The sorting algorithms (merge-sort, quicksort...) are tought to have an absolutely hard lower bound which can not be outperformed by computation alone and this bound is $n*log_{2}(n)$,

The reason for this bound is that those algorithms are using the division by two devide and conquer method and as such they generate a binary tree that begins at a root and from there on branches two times from each node until it reaches the bottom to produce exactly $n$ leaves at the bottom level.

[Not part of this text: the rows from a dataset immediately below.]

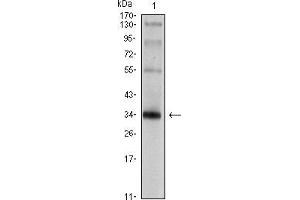 Image no. 2 for anti-Synaptophysin (SYP) antibody (ABIN969428)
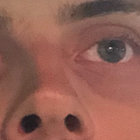 Gaffelstein thumbnail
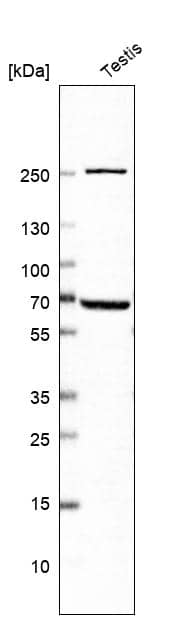 Analysis in human testis tissue.
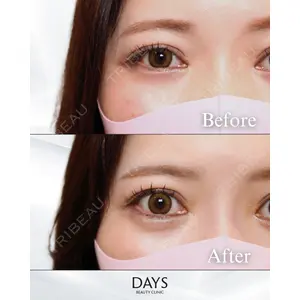 Days Beauty Clinic 蟹谷 莉麻医師の症例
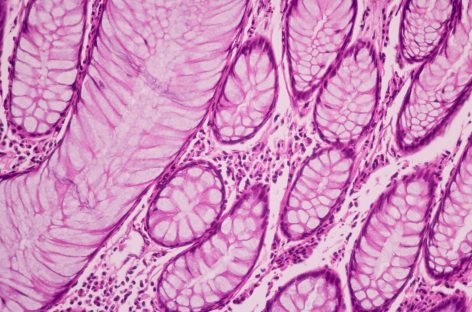 Cercetătorii au pus la punct un instrument cu care pot detecta riscul de progresie a pre-cancerului de sân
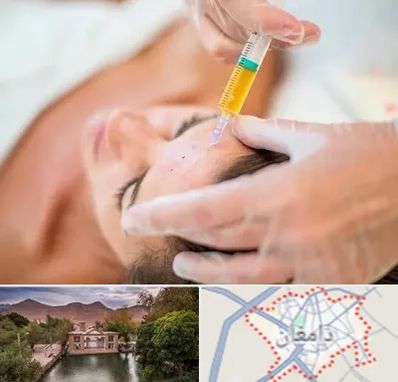 پی آر پی در دامغان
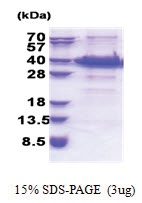 FANK1 (His-tag) Human Protein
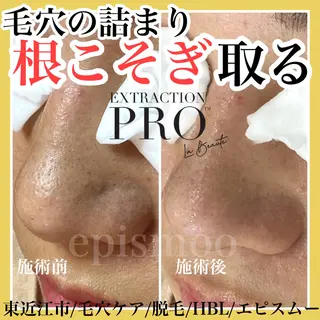 epismoo 脱毛/HBL/毛穴の眉毛・アイブロウイメージ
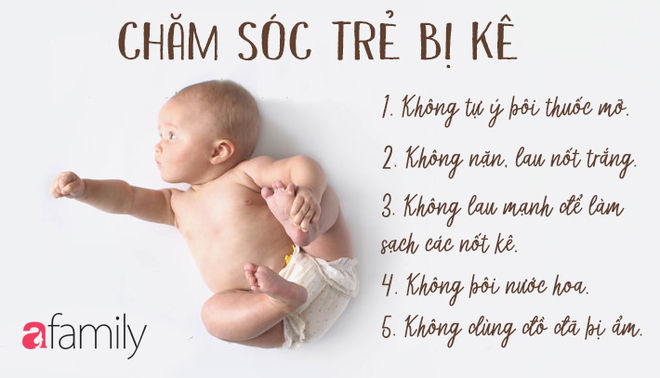 Những tưởng con mắc 4 chứng bệnh về da nhưng sau cùng mẹ thở phào vì bé chỉ bị loại mụn nhẹ này thôi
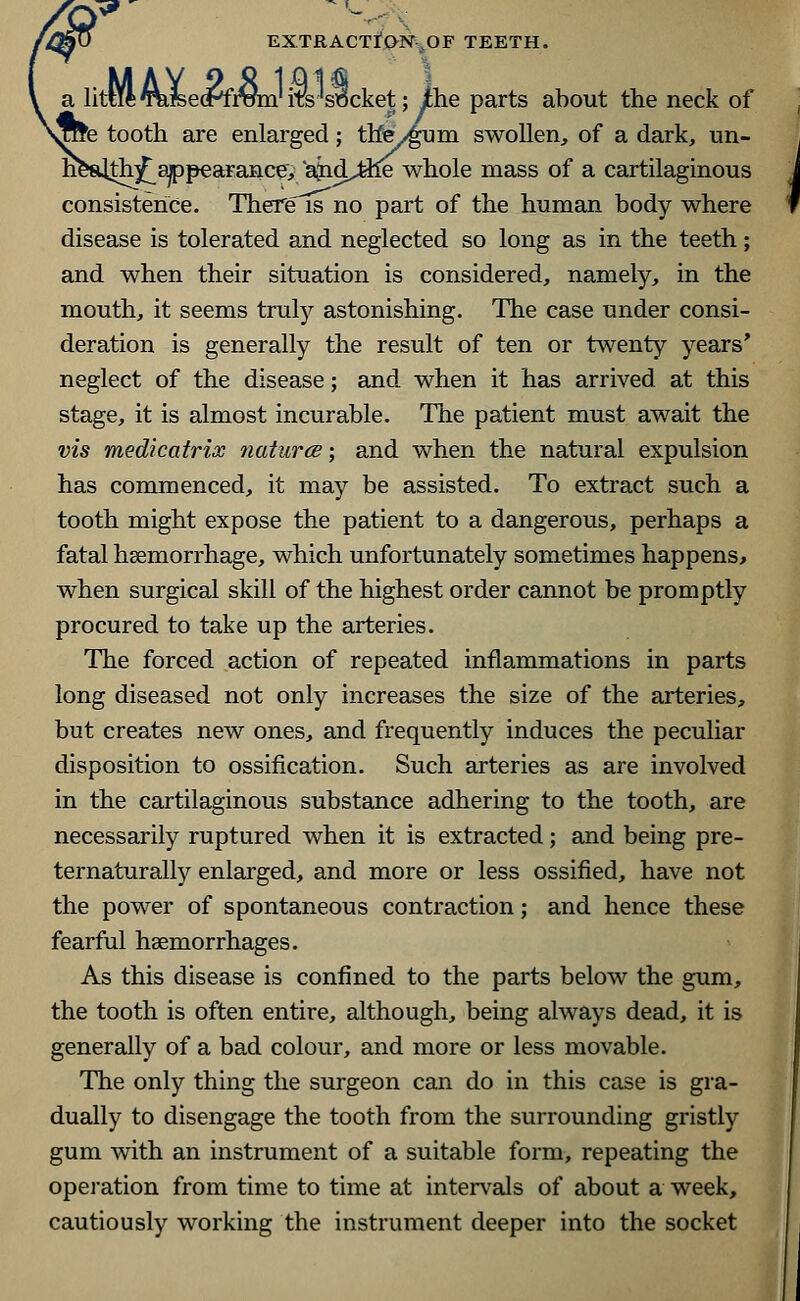 a litcift TOemfram' its 'socket; the parts about the neck of sSte tooth are enlarged; th%/gum swollen, of a dark, un- h&^tirjT appearance, ajid^the whole mass of a cartilaginous consistence. There is no part of the human body where disease is tolerated and neglected so long as in the teeth; and when their situation is considered, namely, in the mouth, it seems truly astonishing. The case under consi- deration is generally the result of ten or twenty years' neglect of the disease; and when it has arrived at this stage, it is almost incurable. The patient must await the vis medicatrix natures; and when the natural expulsion has commenced, it may be assisted. To extract such a tooth might expose the patient to a dangerous, perhaps a fatal haemorrhage, which unfortunately sometimes happens, when surgical skill of the highest order cannot be promptly procured to take up the arteries. The forced action of repeated inflammations in parts long diseased not only increases the size of the arteries, but creates new ones, and frequently induces the peculiar disposition to ossification. Such arteries as are involved in the cartilaginous substance adhering to the tooth, are necessarily ruptured when it is extracted; and being pre- ternaturally enlarged, and more or less ossified, have not the power of spontaneous contraction; and hence these fearful haemorrhages. As this disease is confined to the parts below the gum, the tooth is often entire, although, being always dead, it is generally of a bad colour, and more or less movable. The only thing the surgeon can do in this case is gra- dually to disengage the tooth from the surrounding gristly gum with an instrument of a suitable form, repeating the operation from time to time at intervals of about a week, cautiously working the instrument deeper into the socket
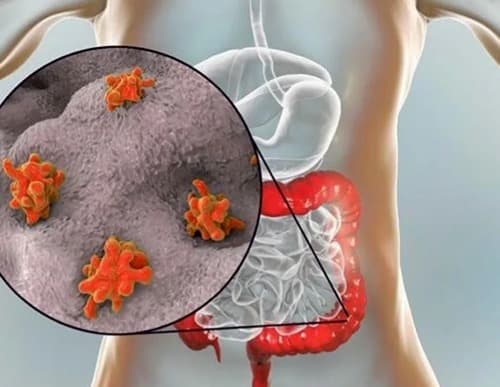 Vermixin È di buona qualità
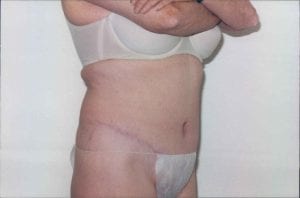 Tummy Tuck Patient 11 - After - 1 Thumbnail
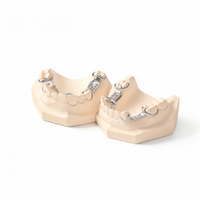 Ecolab Vitallium Cobalt Chrome Molybdenum Alloy Cast Acrylic Resin Metal RPD Framework Removable Partial Denture ISO 9001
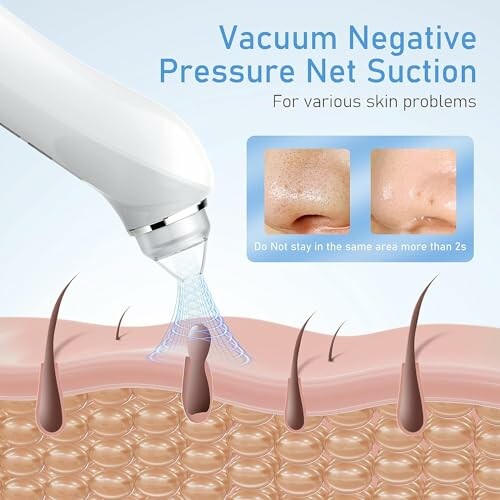 Illustration of a vacuum negative pressure net suction device for skin care.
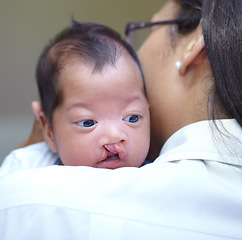 Image showing Medical, cleft lip and a pediatrician with a baby in the hospital for insurance, care or treatment. Healthcare, children and a doctor woman holding a newborn with a disability in a health clinic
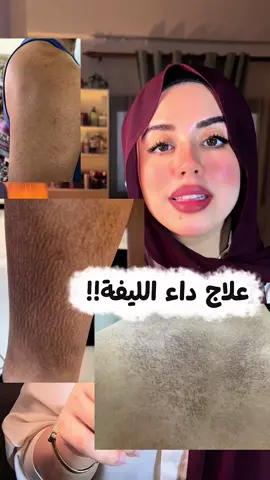 ⁨	داء الليفه او النشواني البقعي علاجه سهل قوي بس بياخد شوية وقت🤍✨ البنات الي مش في مصر هاتوا منتجات دي : Aplb salicylic acid bha ✨ yeouth sallicylic acid 20% ✨ My scheming niacin + salicylic✨ Anua peach 70 niacin✨ ‪@Derma.10  #بقع_بنية #داء_الليفة #النشواني_البقعي #سالسيلك_أسيد #نياسيناميد ⁩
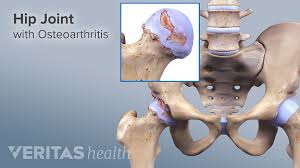 Overall, this muscle type enhances body posture while allowing you to slay deadlifts and squats. What S Causing My Hip Pain
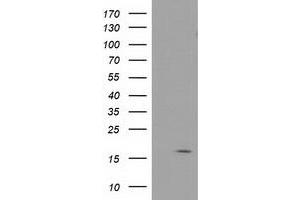 Image no. 1 for anti-Baculoviral IAP Repeat-Containing 5 (BIRC5) antibody (ABIN1501247) (Survivin 抗体)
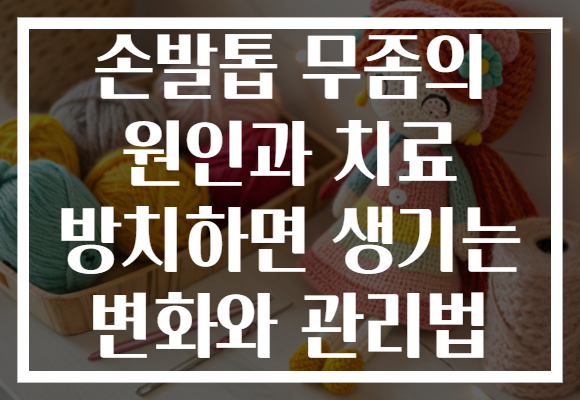손발톱 무좀의 원인과 치료 방치하면 생기는 변화와 관리법 손발톱 무좀의 원인과 치료 방치하면 생기는 변화와 관리법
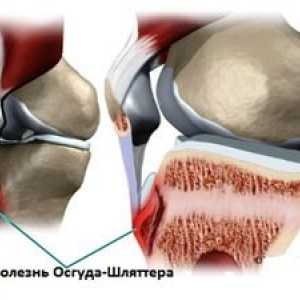Choroba kladiva a metódy liečby osguda kolenného kĺbu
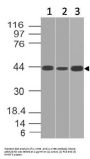 Anti-IL-17RE Antibody (Monoclonal, ABM2G70)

Since it is a binary tree, it has exactly $log_{2}(n)$ levels from the root down to the leaves and as such it costs $log_{2}(n)$ "computational decisions" to generate the tree and $n$ decisions to walk over all leaves, so $n*log_{2}(n)$ looks absolutely valid at first.

I don't argue about the factor $n$ before the $log_{2}(n)$, what I argue about is, why is it everywhere such a strict advocating consensus about to always use $log_{2}(n)$ in computer science.

Imagine for example instead if I don't use the binary devide&conquer method, but if I adress the indices of the list which are prime numbers, using the values of those indices as representational values to compute the differences of the indices between the primes. The resulted tree structure from such an algorithm will have many more branches than two at most of the nodes and the generated tree size will be much much lower.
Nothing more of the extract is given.